Prerequisites: You'll need to know a bit of Python. For a refresher, see the Python tutorial.
Overview¶
The coola.reducer package provides a consistent interface for computing common statistical
operations on sequences of numbers. It offers:
- Multiple backends - Use native Python, NumPy, or PyTorch for computations
- Consistent API - Same interface regardless of backend
- Automatic backend selection - Automatically choose the best available backend
- Common operations - min, max, mean, median, quantile, std, and sort
This is particularly useful when you want to write backend-agnostic code or when you need to compute statistics on data but don't want to depend on a specific library.
Available Reducers¶
NativeReducer¶
Uses Python's standard library (statistics module) for computations. This reducer is always
available and has no dependencies.
>>> from coola.reducer import NativeReducer
>>> reducer = NativeReducer()
>>> reducer.mean([1, 2, 3, 4, 5])
3.0
>>> reducer.median([1, 2, 3, 4, 5])
3
>>> reducer.max([1, 2, 3, 4, 5])
5
NumpyReducer¶
Uses NumPy for computations. This reducer is faster than NativeReducer for large datasets and
provides more numerical stability.
>>> from coola.reducer import NumpyReducer
>>> reducer = NumpyReducer()
>>> reducer.mean([1, 2, 3, 4, 5])
3.0
>>> reducer.std([1, 2, 3, 4, 5])
1.58113...
Note: Requires NumPy to be installed.
TorchReducer¶
Uses PyTorch for computations. This reducer can leverage GPU acceleration and is useful when working with PyTorch tensors.

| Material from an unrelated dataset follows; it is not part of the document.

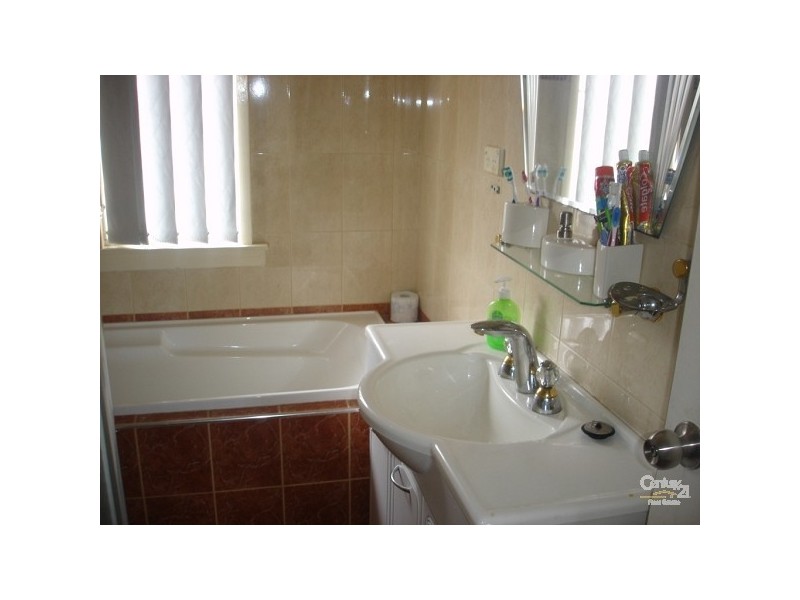 Fairfield West NSW 2165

>>> from coola.reducer import TorchReducer
>>> reducer = TorchReducer()
>>> reducer.mean([1, 2, 3, 4, 5])
3.0
>>> reducer.median([1, 2, 3, 4, 5])
3
Note: Requires PyTorch to be installed.
Basic Usage¶
Computing Statistics¶
All reducers provide the same methods for computing statistics:
Maximum Value¶
>>> from coola.reducer import NativeReducer
>>> reducer = NativeReducer()
>>> reducer.max([10, 5, 8, 3, 12])
12
>>> reducer.max([-5, -10, -3])
-3
Minimum Value¶
>>> from coola.reducer import NativeReducer
>>> reducer = NativeReducer()
>>> reducer.min([10, 5, 8, 3, 12])
3
>>> reducer.min([-5, -10, -3])
-10
Mean (Average)¶
>>> from coola.reducer import NativeReducer
>>> reducer = NativeReducer()
>>> reducer.mean([1, 2, 3, 4, 5])
3.0
>>> reducer.mean([10, 20, 30])
20.0
Median¶
>>> from coola.reducer import NativeReducer
>>> reducer = NativeReducer()
>>> reducer.median([1, 2, 3, 4, 5])
3
>>> reducer.median([1, 2, 3, 4])
2.5
Standard Deviation¶
>>> from coola.reducer import NativeReducer
>>> reducer = NativeReducer()
>>> reducer.std([1, 2, 3, 4, 5])
1.5811388300841898
>>> reducer.std([10, 10, 10])
0.0
Quantiles¶
Compute multiple quantiles at once:
>>> from coola.reducer import NativeReducer
>>> reducer = NativeReducer()
>>> reducer.quantile([0, 1, 2, 3, 4, 5, 6, 7, 8, 9, 10], [0.25, 0.5, 0.75])
[2.5, 5.0, 7.5]
>>> reducer.quantile([1, 2, 3, 4, 5], [0.0, 0.5, 1.0])
[1.0, 3.0, 5.0]
Quantiles are specified as values between 0 and 1, where: - 0.0 = minimum value - 0.5 = median - 1.0 = maximum value
Sorting Values¶
Sort sequences in ascending or descending order:
>>> from coola.reducer import NativeReducer
>>> reducer = NativeReducer()
>>> reducer.sort([5, 2, 8, 1, 9])
[1, 2, 5, 8, 9]
>>> reducer.sort([5, 2, 8, 1, 9], descending=True)
[9, 8, 5, 2, 1]
Automatic Backend Selection¶
Use auto_reducer() to automatically select the best available reducer based on installed
packages:
>>> from coola.reducer import auto_reducer
>>> reducer = auto_reducer()
>>> reducer.mean([1, 2, 3, 4, 5])
3.0
The selection follows this priority order: 1. TorchReducer if PyTorch is available 2. NumpyReducer if NumPy is available 3. NativeReducer as fallback (always available)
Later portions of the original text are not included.